He leaned in closer, his manicured hand briefly touching the sturdy fabric of Rowen’s sleeve, a proprietary gesture that sent a jolt of ice through Leaf’s veins. “Or is it more of a… collaborative effort?” The innuendo was thick and suffocating, a foul slick on the air. This wasn’t just about art anymore; it was a territorial claim, a public display of dominance meant to humiliate Leaf on every possible level.

But the carefully crafted barb, with all its layered meaning and venomous subtext, sailed completely over its intended secondary target’s head. Rowen didn’t flinch or react to the touch. He just looked at Victor with that same placid, straightforward gaze, completely missing the undercurrent of the question.
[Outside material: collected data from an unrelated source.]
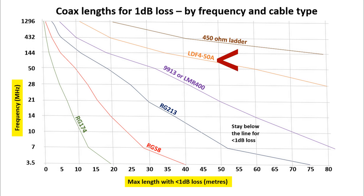Then you've got stuff like Heliax, LDF450, that's really low loss. For bands like 432MHz or 1296MHz, unless your transceiver is right at the antenna, definitely use the better type of coax for the higher VHF frequency ranges, and especially into UHF.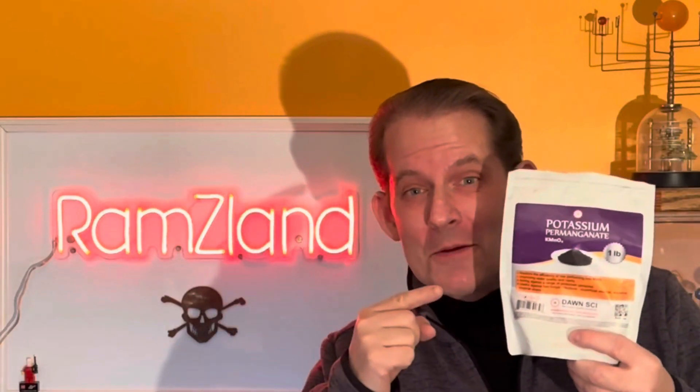Welcome back to Ramsey Land. Today I want to show you how to make a flash powder using zinc and potassium permanganate.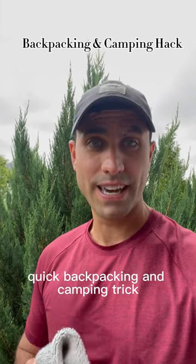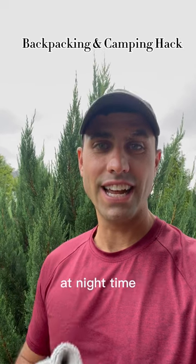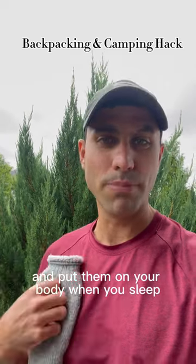Quick backpacking and camping trick. Keeping your feet and hands dry are essential. At nighttime, take your damp socks and gloves and put them on your body when you sleep.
“Nah,” Rowen answered plainly, his voice cutting through the cloying tension. “He just draws the junk I have lying around.”

Across the room, near the relative safety of the wine bar, Felix and Jude were witnessing the entire disaster unfold. Felix’s hands were clenched into tight, white-knuckled fists at his sides, his knuckles straining against his skin. He looked ready to storm over and throw his entire glass of chardonnay directly into Victor’s smug, handsome face, social consequences be damned.

“I’m going to end him,” Felix hissed, taking a half-step forward.

Jude, however, had a firm, grounding grip on his friend’s arm, his fingers digging into the expensive fabric of Felix’s jacket. “Don’t,” Jude ordered, his voice a low, urgent whisper. “Don’t you dare make a scene. That’s what he wants.”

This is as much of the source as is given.